Traditional part writing is often based on counterpoint, in which a second melody is written to use harmonic intervals that create primarily consonant relationships between notes. First, a leading melodic line must be written, then contrapuntal methods may be used to add additional melodic lines. Consonants are further divided into perfect and imperfect consonances and contrasted to dissonances. Traditionally the unison, the octave and the fifth were considered perfect consonances while the third and sixth were considered imperfect consonances; the fourth was considered a dissonance if it was above the leading line but a consonance if below, though modern theorists have questioned the need for this distinction. Other intervals are considered dissonant. Additional melodic lines beyond the second may be added by writing them in counterpoint to all the lines already written.

In addition, the types of movement made a difference. In early theory there were three types of movement: direct, in which both melodic line move in the same direction, oblique in which one line moves and the other does not, and contrary in which both lines move in opposite directions. Some modern theorist further divide direct motion into similar motion, in which both lines move different distances in the same direction, and parallel motion in which both line maintain the same interval between them.

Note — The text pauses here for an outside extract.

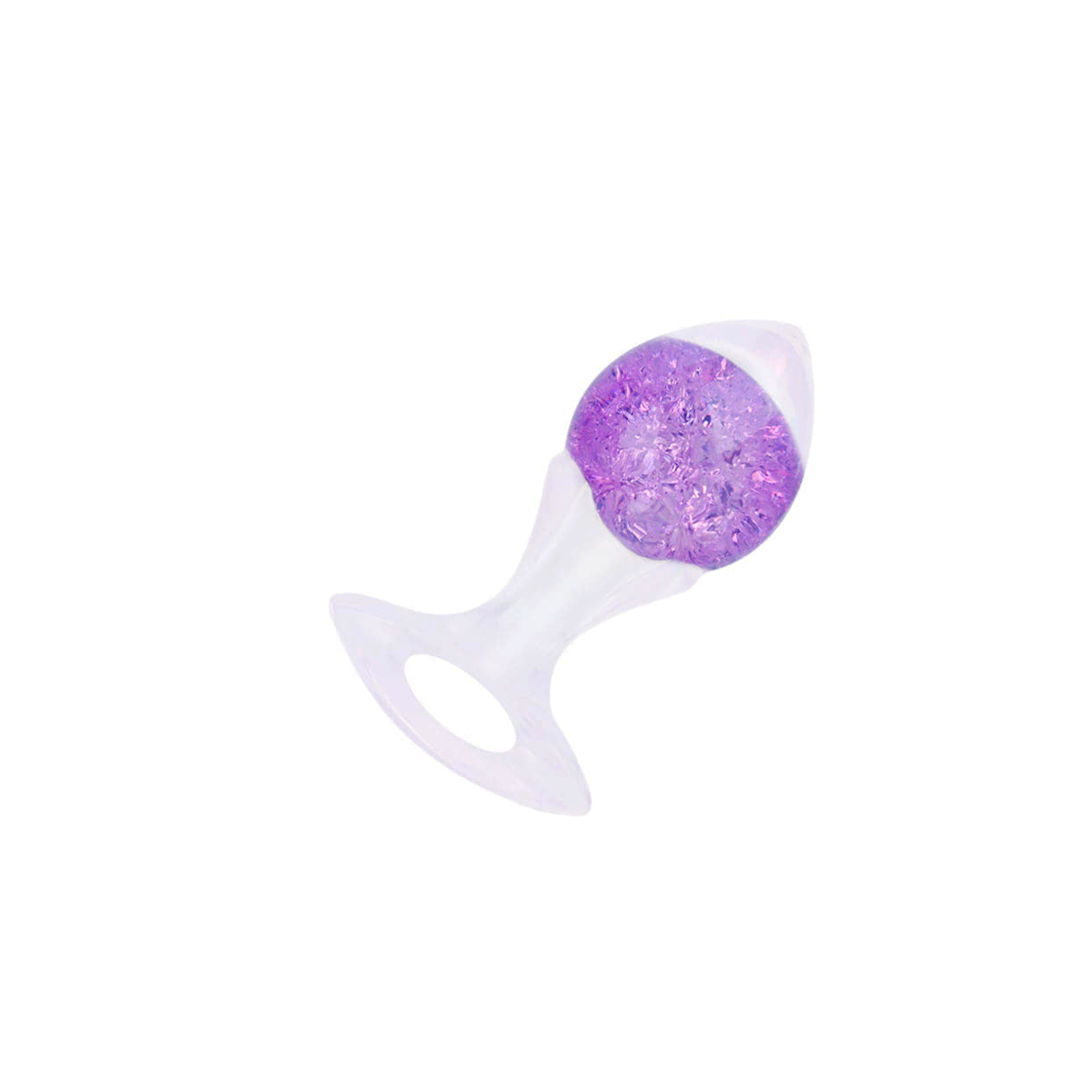 Plug Anal "P" em Formato Cônico, Silicone Platina com Esfera interna e Alça de Segurança - YouVibe | 6,5 x 3,3 cm | Disponível em 6 Cores - 15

Early counterpoint texts (such as Johann Joseph Fux's Gradus ad Parnasum) listed several rules for moving lines, however these can be boiled down to one: Don't move from perfect consonance to perfect consonance by direct motion. The addition of dissonance may be added on an off beat, to be resolve to on the next on beat. Large jumps are discouraged, and it is recommended that they be followed by stepwise motion in the opposite direction. The octave should be used vary sparingly and the unison avoided, however, as these tend to make the melodic lines blur together.

Various rhythms could be used in the various melodic line, and this was encouraged with the goal being "florid counterpoint" in which various rhythms mix in an elaborate way. If a smaller note is used in the following line then dissonance must be on the second note; if the following note starts after the leader, then it must start on the dissonance. Of course, neither have to be dissonant, and a consonance may be used in both places. A series of stepwise movements may also be used to move over several dissonance between consonances. However, two notes one semitone apart (sometimes described as "fa on mi") should always be avoided.

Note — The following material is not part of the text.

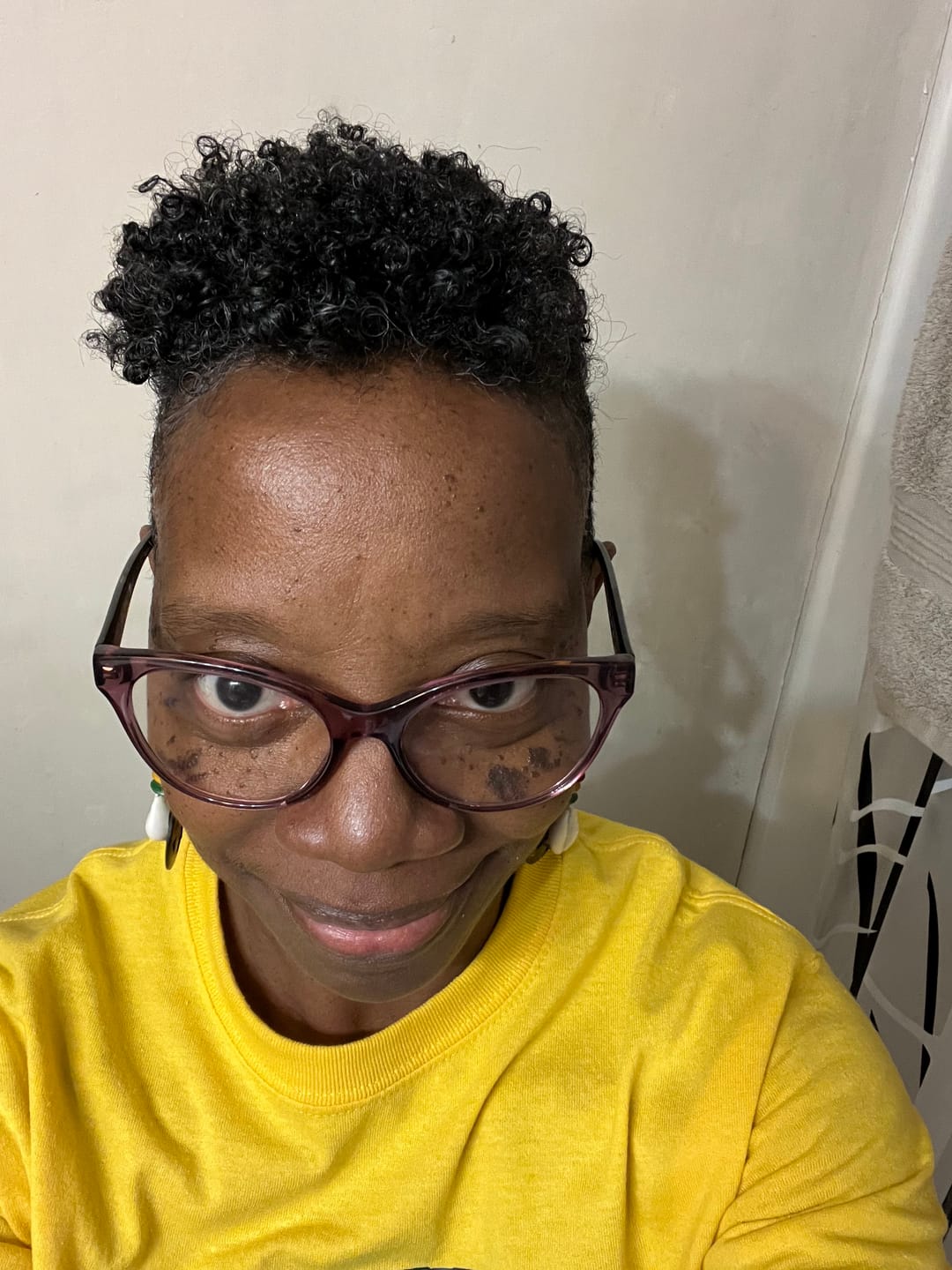 Customer photo review of SCULPT Curl Defining Gel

Note that a modern composition that follows a chord progression may just write all parts to fit the same chord, however, use of contrapuntal principles may still be useful in order to make to melodic lines work better together.

Twelve-tone Composition[edit]

Twelve-tone Composition is a composing method that uses all tones of the chromatic scale in any order and at any octave, this is called an ordered tone row. The only rule to this is that every tone has to be played once before another may be repeated. An easy (though never actually used) row is the chromatic scale itself.

The row may present itself in several ways, as a transposition, an inversion, a retrograde, or any combination of these transformations.

Complement and Contrast[edit]

A composition is made up of a series of musical phrases which can either complement or contrast each other. A complementary phrase is one which sounds similar to previous phrases, and can be made by, for example, transposing the previous phrase, using the same set of chords, using the same rhythmic pattern, or slightly varying certain notes, among other things. A contrasting phrase, on the other hand, is one that sounds entirely different from previous phrases and often serves as a fill or transition between different parts of a piece.

Good compositions will usually have a balance of complementary and contrasting phrases: a piece which is too complementary will be repetitive and boring, whereas a piece with too much contrast will seem to lack organization and will be difficult to follow.